==== Recorded information ====
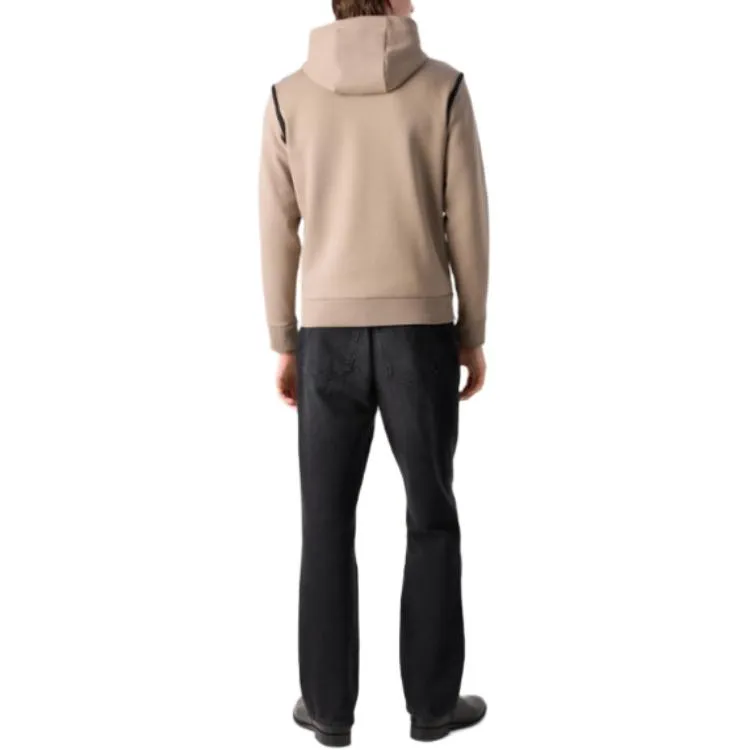 HUGO BOSS Jackets & Coats Men's Umber-1
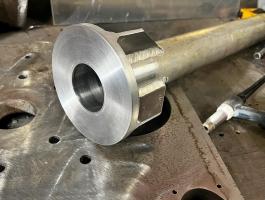 Gépfelújítás javítás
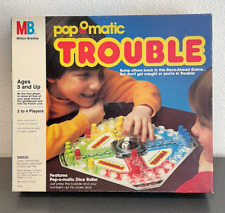 1986 trouble pop for sale  Vancouver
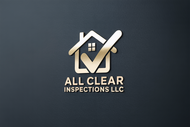 All Clear Inspections LLC Logo - Entry #275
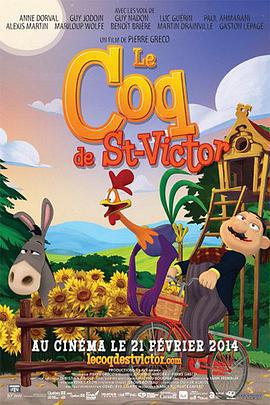 聖維克多鎮的公雞/Le Coq de St-Victor線上看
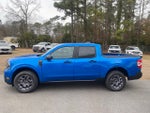 2026 Ford Maverick XLT AWD 4dr SuperCrew 4.5 ft. SB
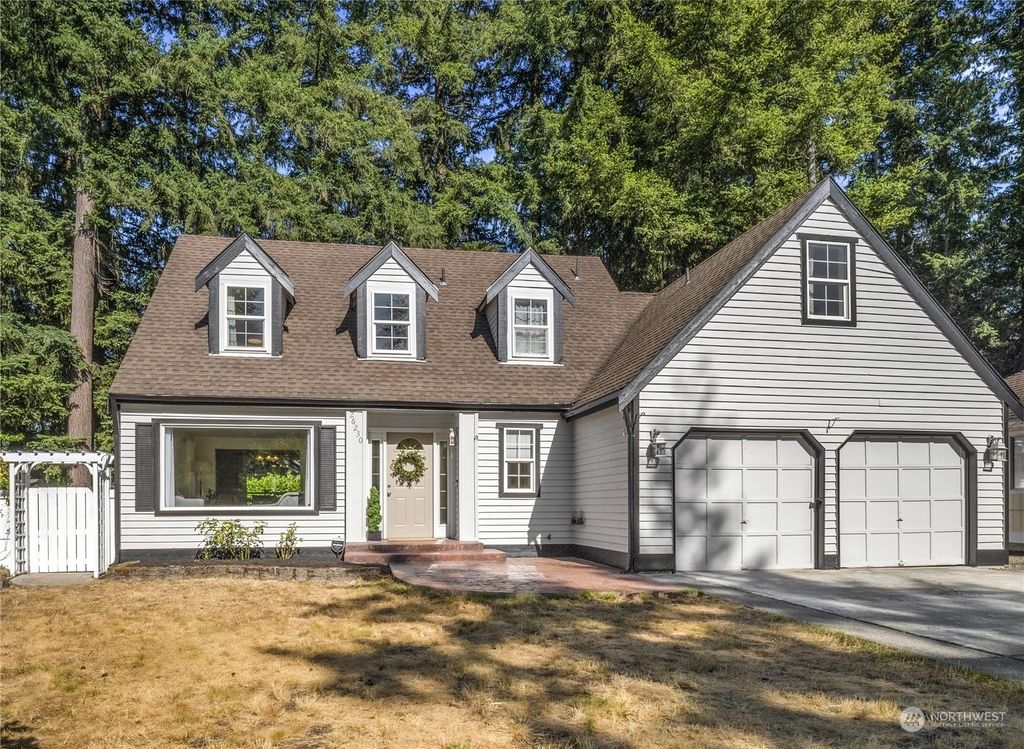 Photo of 26230 187th Place SE, Covington, WA 98042 (MLS # 2273176)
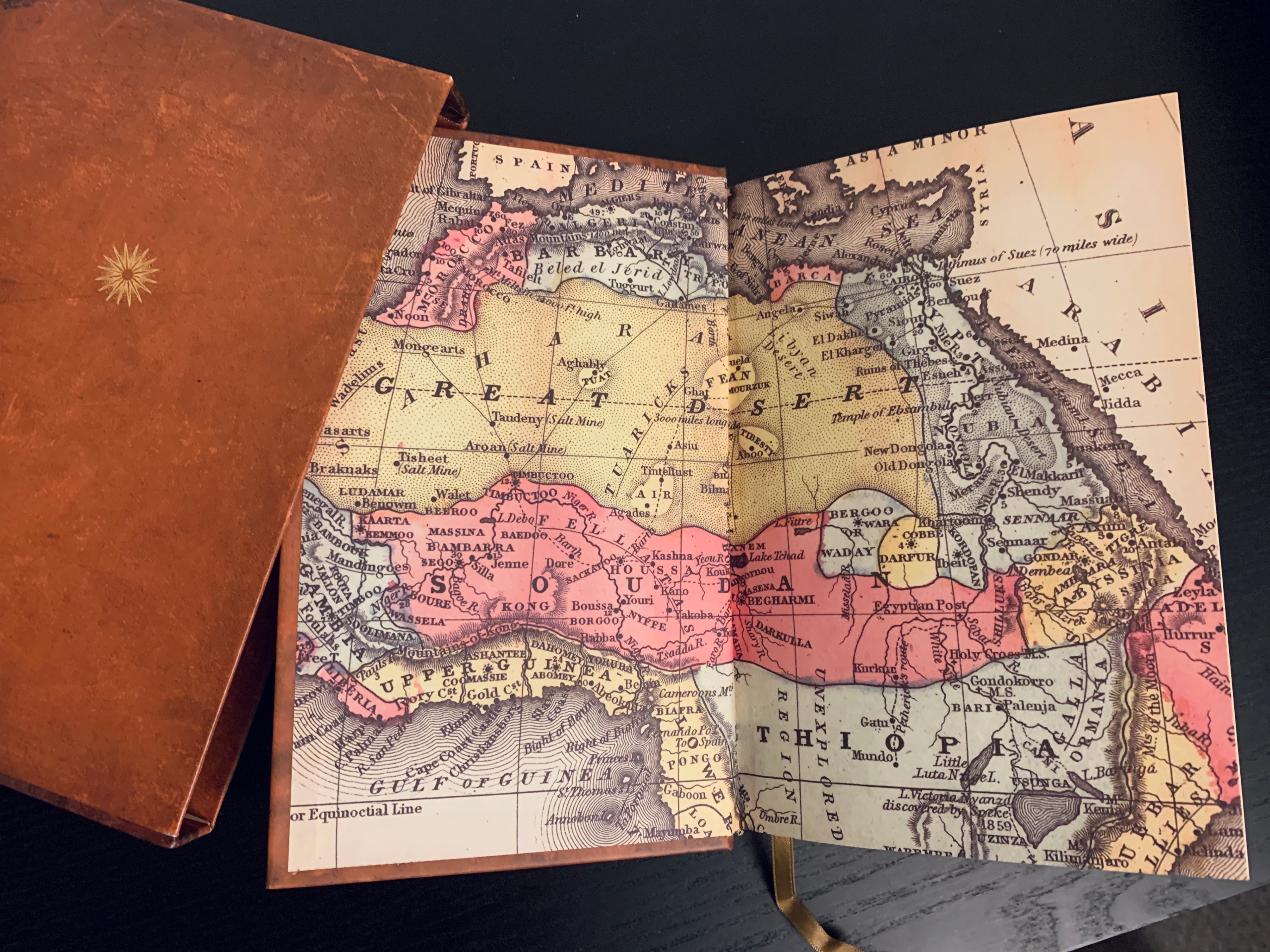 The Alchemist - Gift Edition (Hardcover) - photo 5
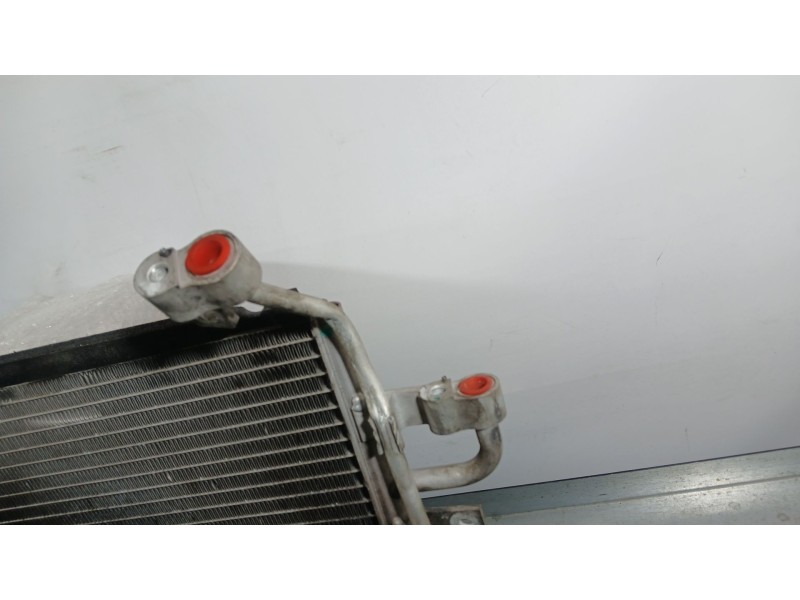 Recambio de condensador / radiador aire acondicionado para chevrolet captiva (c100, c140) 2.0 d 4wd referencia OEM IAM 20759647 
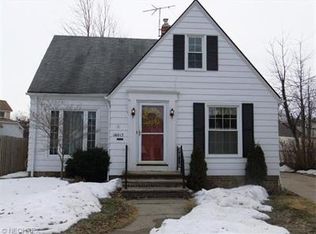 16013 Southland Ave, Cleveland, OH 44111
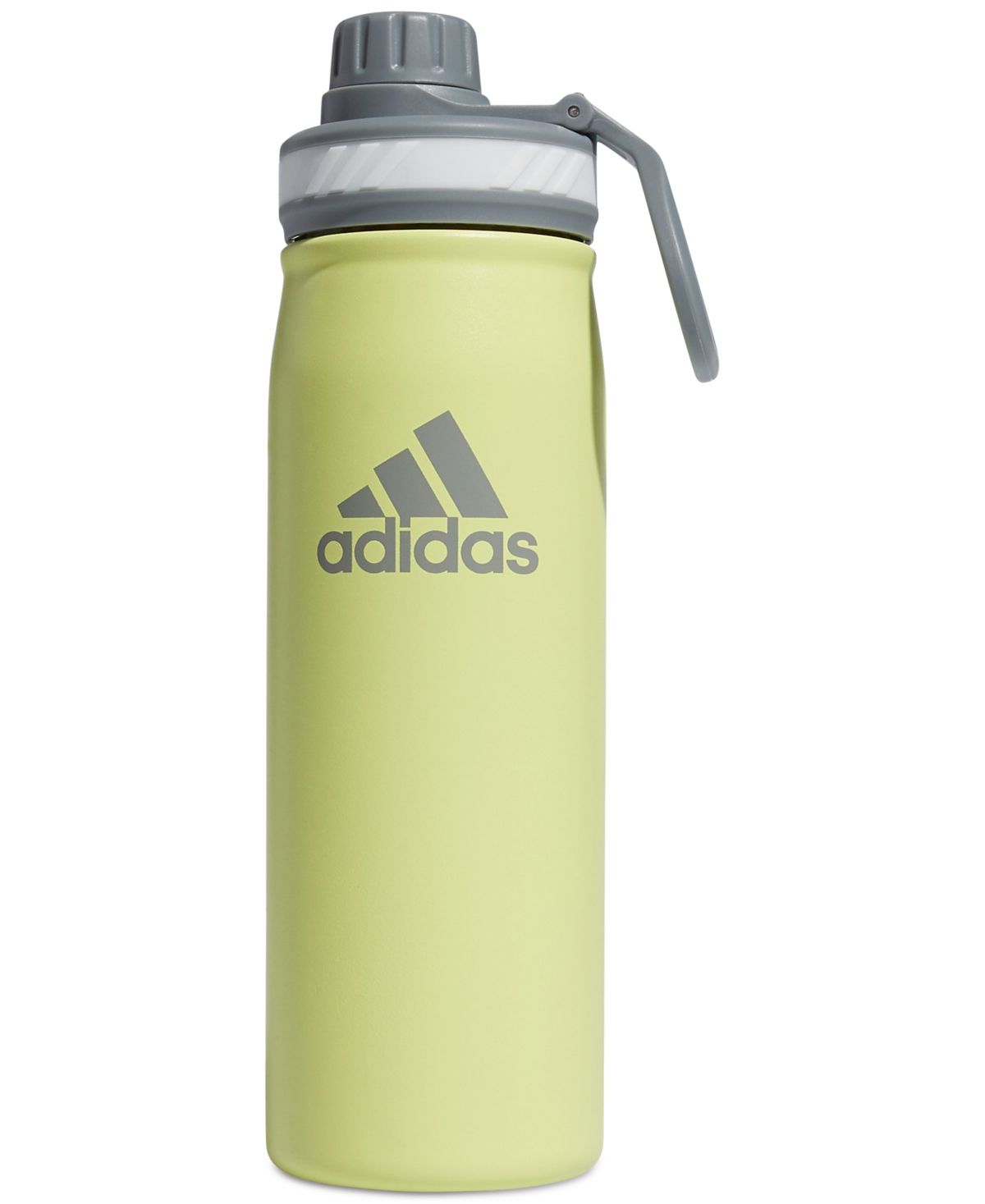 adidas Steel 600 Metal Water Bottle | Macys (US)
====
**What to work on:** Set the records down again exactly as given, and leave the pictures out.

**Answer box:**
 HUGO BOSS Jackets & Coats Men's Umber-1
 Gépfelújítás javítás
 1986 trouble pop for sale  Vancouver
 All Clear Inspections LLC Logo - Entry #275
 聖維克多鎮的公雞/Le Coq de St-Victor線上看
 2026 Ford Maverick XLT AWD 4dr SuperCrew 4.5 ft. SB
 Photo of 26230 187th Place SE, Covington, WA 98042 (MLS # 2273176)
 The Alchemist - Gift Edition (Hardcover) - photo 5
 Recambio de condensador / radiador aire acondicionado para chevrolet captiva (c100, c140) 2.0 d 4wd referencia OEM IAM 20759647 
 16013 Southland Ave, Cleveland, OH 44111
 adidas Steel 600 Metal Water Bottle | Macys (US)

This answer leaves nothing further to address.